In the grand scheme of things I agree with your views, Dana...... I am not a Republican, but an Independent, and I tend to lean to the conservative side. I also believe in the "hand up and not a hand out.......and in less government - not more". My belief in abortion is confusing.........I believe in allowing it for the first trimester for certain circumstances......after that, I am always wondering why people don't bring up the OPTION FOR ADOPTION????

I believe in presenting both views of "creationism" in schools.......the Biblical and the Scientific. We have presented both to our own daughter and it CAN be done.

I believe in protecting our environment without being fanatical about it.

My main negative concerning Bush is his policy regarding our Borders and being lax in regard to our illegal alien problems. Considering the priority of the "war on terrorism", you'd think he would have cracked the whip down on that one.

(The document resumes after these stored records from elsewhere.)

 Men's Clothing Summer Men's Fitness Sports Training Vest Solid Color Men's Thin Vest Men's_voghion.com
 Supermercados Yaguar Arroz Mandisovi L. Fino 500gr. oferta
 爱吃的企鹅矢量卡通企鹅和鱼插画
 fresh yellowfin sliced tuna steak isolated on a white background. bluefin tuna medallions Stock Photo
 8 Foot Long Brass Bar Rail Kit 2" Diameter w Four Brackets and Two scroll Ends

I'm sure there was a political reason behind it, which shouldn't have been an important one........considering the circumstances.......

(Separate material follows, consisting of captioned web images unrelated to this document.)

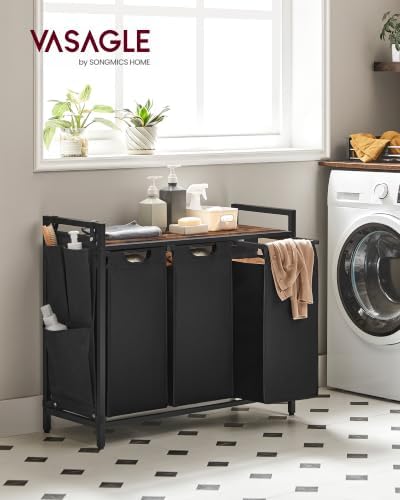 VASAGLE Laundry Hamper with Shelf, 3 Pull-Out Bags, 3 x 10.6 Gallons (40 L) - Image 2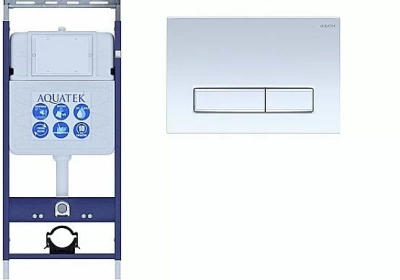 Инсталляция для унитаза Aquatek Easy Fix INS-0000010 с кнопкой KDI-0000021 белая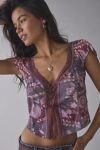 Kimchi Blue Cameron Lace Trim Tie-Front Top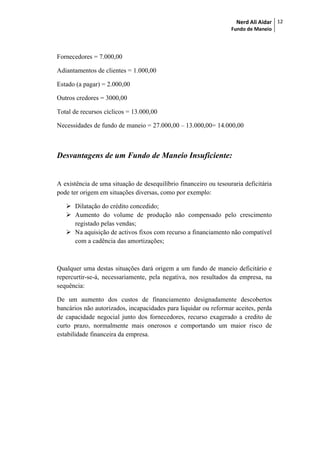 Nerd Ali Aidar
Fundo de Maneio
12
Fornecedores = 7.000,00
Adiantamentos de clientes = 1.000,00
Estado (a pagar) = 2.000,00
Outros credores = 3000,00
Total de recursos cíclicos = 13.000,00
Necessidades de fundo de maneio = 27.000,00 – 13.000,00= 14.000,00
Desvantagens de um Fundo de Maneio Insuficiente:
A existência de uma situação de desequilíbrio financeiro ou tesouraria deficitária
pode ter origem em situações diversas, como por exemplo:
 Dilatação do crédito concedido;
 Aumento do volume de produção não compensado pelo crescimento
registado pelas vendas;
 Na aquisição de activos fixos com recurso a financiamento não compatível
com a cadência das amortizações;
Qualquer uma destas situações dará origem a um fundo de maneio deficitário e
repercurtir-se-á, necessariamente, pela negativa, nos resultados da empresa, na
sequência:
De um aumento dos custos de financiamento designadamente descobertos
bancários não autorizados, incapacidades para liquidar ou reformar aceites, perda
de capacidade negocial junto dos fornecedores, recurso exagerado a credito de
curto prazo, normalmente mais onerosos e comportando um maior risco de
estabilidade financeira da empresa.
 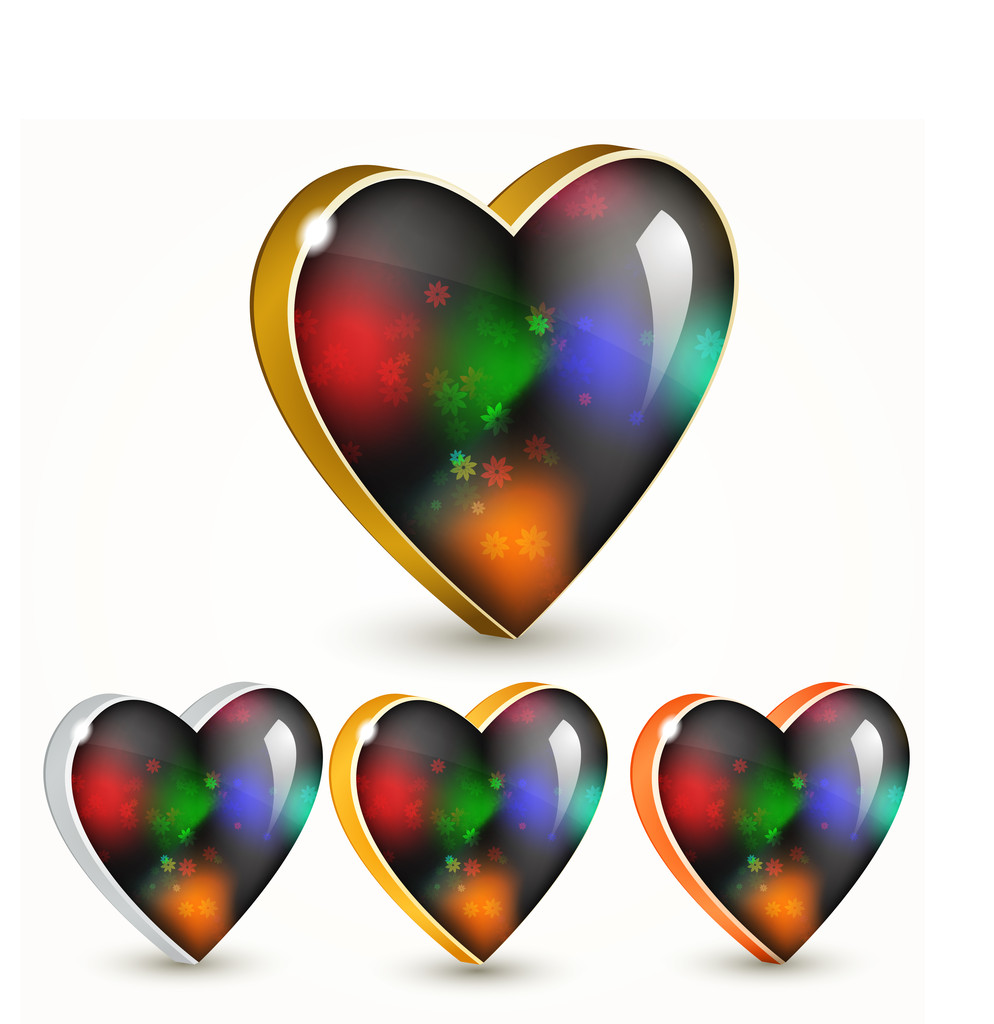 Vector set of colorful hearts. - Vector, Image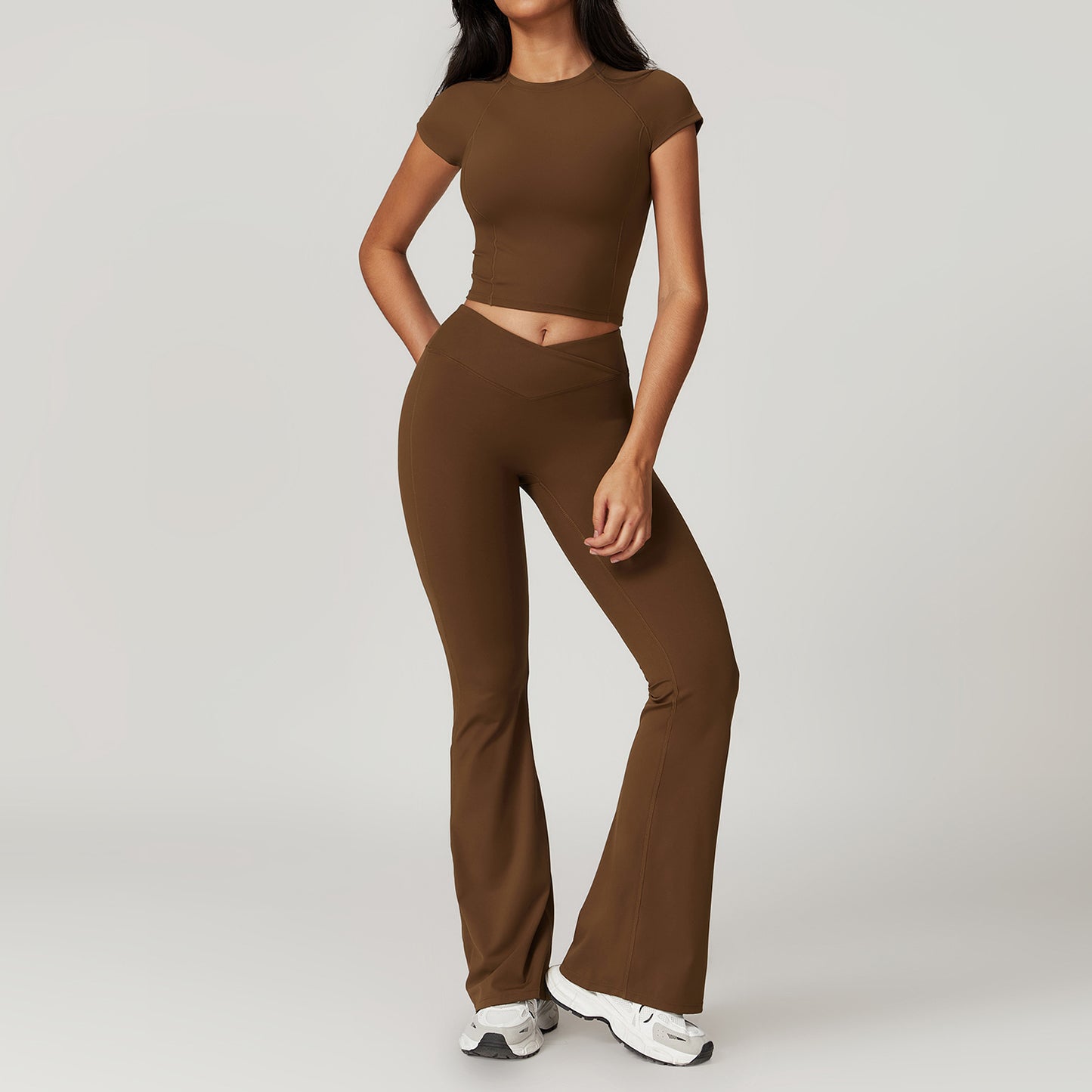 Short Sleeve Bell-Bottom Pants Light Brown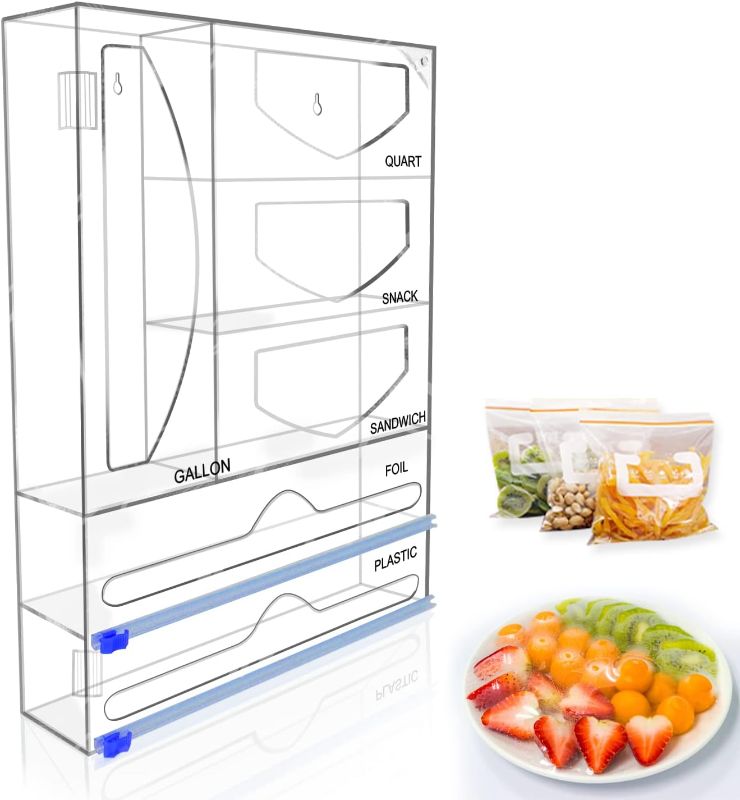 Photo 1 of 6 in 1 Foil Plastic Wrap Organizer Dispenser with Slide Cutter for Foil Wrap Ziplock Bag Storage Acrylic Organizer for Kitchen Drawer Suitable for Gallon Quart Sandwich Snack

As you stated, there are people who are not far Left OR far Right...........Guess that's where I fit.


----------



## OhHorsePee (Sep 11, 2008)

Mary Lou, I was a working mom. I even went to college and worked while I was mom to two boys. They are happy, healthy, productive individuals that I love with all my heart. I see no difference if Sarah Palin's hubby parents the children than if she did. These are different times and I am sure her children are so very proud of their momma. Her hubby ain't shabby looking either! Snort snort!

Fran


----------



## Jill (Sep 11, 2008)

Something else I want to say to those in other countries who chime in over and over again about our politics:

I hope you really know as much about your own county's politics as you think you do about the politics of the USA.
I admit I have about 1% as much interest in Canadian politics as the members from there have in ours. Maybe that should be considered flattering vs. annoying. I don't know.


----------



## horseplay (Sep 11, 2008)

I don't see how anyone can say Palin is a bad mother, I will assume that your children have never make a mistake so that makes you a "good mother" and a good judge of someone you don't know? To me saying she should be home with her children is a sexist point of view, I just don't see how this has anything to do with being a good VP.

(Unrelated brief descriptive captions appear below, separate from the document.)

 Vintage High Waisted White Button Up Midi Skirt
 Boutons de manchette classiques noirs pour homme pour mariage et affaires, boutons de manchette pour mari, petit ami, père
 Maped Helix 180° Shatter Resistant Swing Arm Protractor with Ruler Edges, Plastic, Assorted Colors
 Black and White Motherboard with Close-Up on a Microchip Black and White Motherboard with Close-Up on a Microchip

I have to agree with Jill, I am going with "it's flattering" but I will admit a tad "annoying" at times



.


----------



## minimule (Sep 11, 2008)

I hope you really know as much about your own county's politics as you think you do about the politics of the USA.
I admit I have about 1% as much interest in Canadian politics as the members from there have in ours. Maybe that should be considered flattering vs. annoying. I don't know.

Yeah Jill! I was trying to come up with a reply to our Northern ButtIns but you said it very well.


----------



## Sonya (Sep 11, 2008)

> And for people say that they had worked when they had children. The BIG difference is S. Palin puts her career FIRST, then her children.. She HAS to do that to have a VP job.. that is why I totally disrespect her.. I know too well with families that have mothers that have placed careers first.. It is totally wrong and totally unfair to children.. they need their mommies


Wow, very sexist statement....last I heard men are capable (at least some) of raising children...what about male's who wish to adopt children , whether they be single or have a male partner...I suppose they are not capable??....because children need a mommie????



> I hope you really know as much about your own county's politics as you think you do about the politics of the USA.
> I admit I have about 1% as much interest in Canadian politics as the members from there have in ours. Maybe that should be considered flattering vs. annoying. I don't know.
> 
> Yeah Jill! I was trying to come up with a reply to our Northern ButtIns but you said it very well.






...problem is those in other countries hear what their country wants them to hear, which is normally not the facts. Of course other countries want Obama, it makes perfect sense. To the U.S. neighbors up north...as much anti-U.S. stuff I hear on this forum anymore, I assume their media is behind it all, and everyone (since everyone simply despises the U.S.) would love to see the U.S. fail....well if Obama gets in, you might get your wishes.

**edited for spelling....I actually spelled it right, but not the word I was looking for. If you previously read this post...you know what word I typed wrong...spell check wouldn't of even helped me with that one...haha...don't know what I was thinking**


----------



## SWA (Sep 11, 2008)

Wow ML.




I almost don't even know what to say to that???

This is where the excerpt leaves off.